Se manca il sorriso, che è il suo marchio di fabbrica e un’intera filosofia di vita, allora la faccenda è seria. Rafa Leao osserva il pallone che entra nella porta ceca per la quarta volta – la più importante – e rimane impassibile. Una maschera più o meno imperturbabile, anche quando tutti i suoi compagni si lasciano andare a una festa liberatoria. Perché mancavano cinque minuti al novantesimo e un conto è presentarsi nella bolgia dell’Eden Arena con due gol di vantaggio, un altro è farlo con uno. Forse Rafa in quel momento ha riavvolto il nastro di una partita balorda, ha ripercorso un match dove nessuno – no, nemmeno lui – ha brillato particolarmente, e magari in quegli attimi si è chiesto il motivo. Le basi per fare bene – cioè, per fare meglio – d’altra parte c’erano tutte. Successo vitale sulla Lazio in campionato, sei giorni di stacco, infermeria vuota. E allora, perché questo Milan è così discontinuo e imprevedibile, nel bene e nel male?

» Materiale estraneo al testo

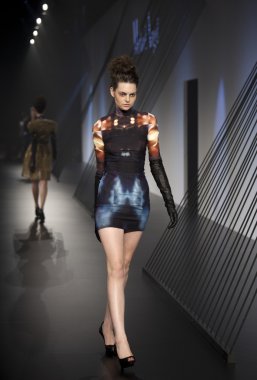 Melbourne, Avustralya - 18 Mart: bir model tasarımları tarafından joveeba 2010 l'oreal de vitrinde orta ayağın melbourne moda Festivali, 18 Mart 2010, melbourne, Avustralya üzerinde docklands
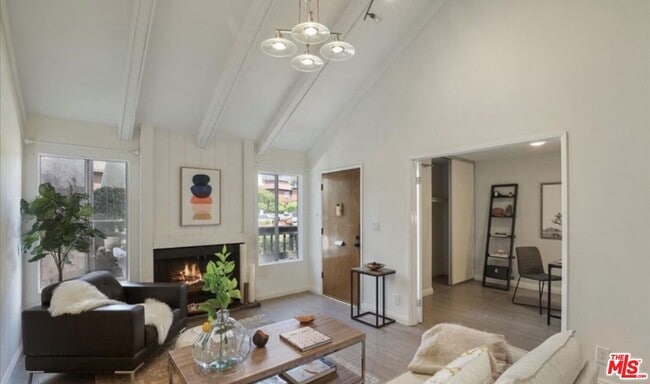 Building Photo - 4937 Maytime Ln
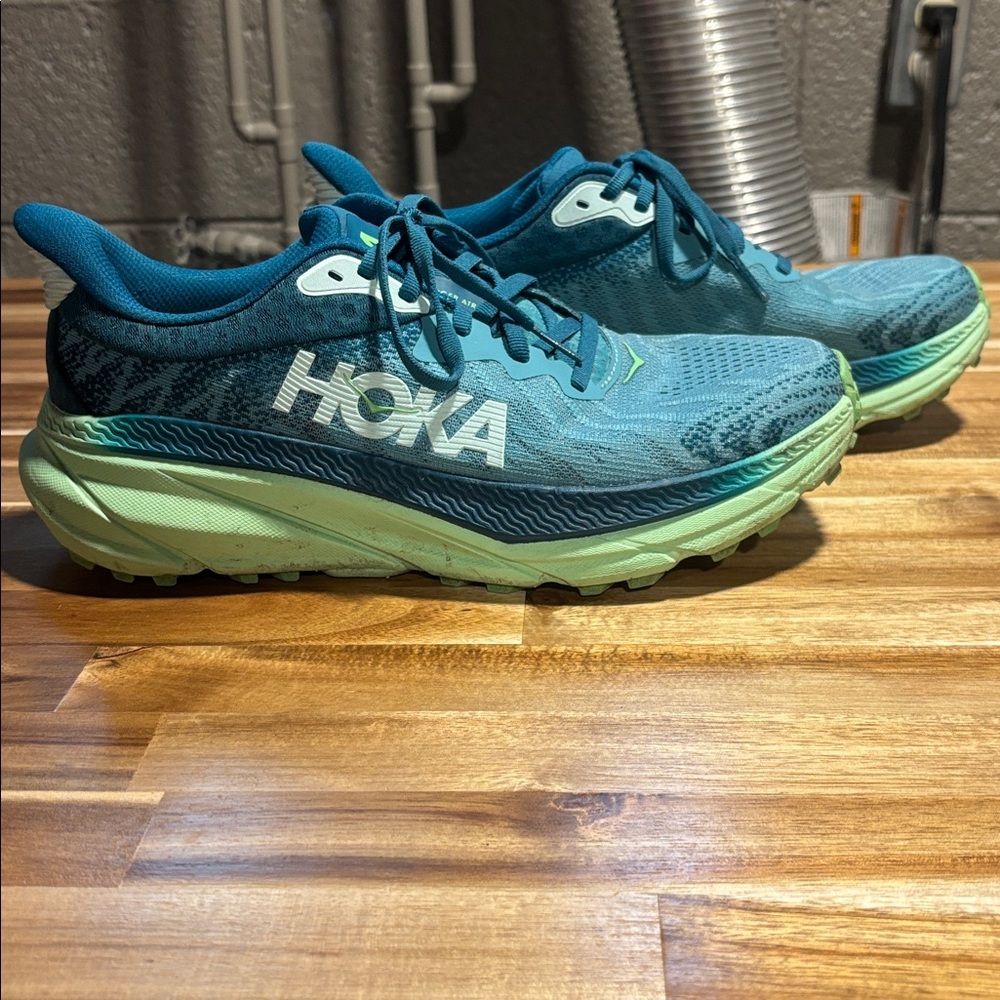 Women’s Hoka Challenger 7 Size 9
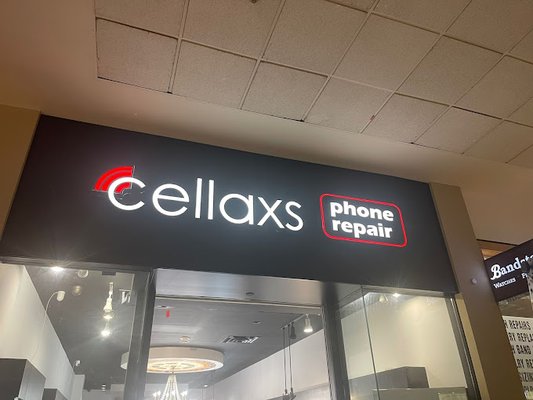 Cellaxs Phone Repair Staten Island Mall, storefront photo.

Sono quelle situazioni in cui se decidi di tirare, devi essere sicuro di andare in buca. S’è fatto perdonare dopo e d’altra parte l’azione del quarto gol contiene la parolina magica che aveva sillabato Pioli in vigilia: qualità. Quella con cui ha pietrificato Vlcek e quella con cui ha superato Stanek in uscita disperata. In fondo Pioli non si deve arrabbiare se Leao quest’anno viene definito uomo di coppa: per gli obiettivi che si è dato il Milan, va benissimo così.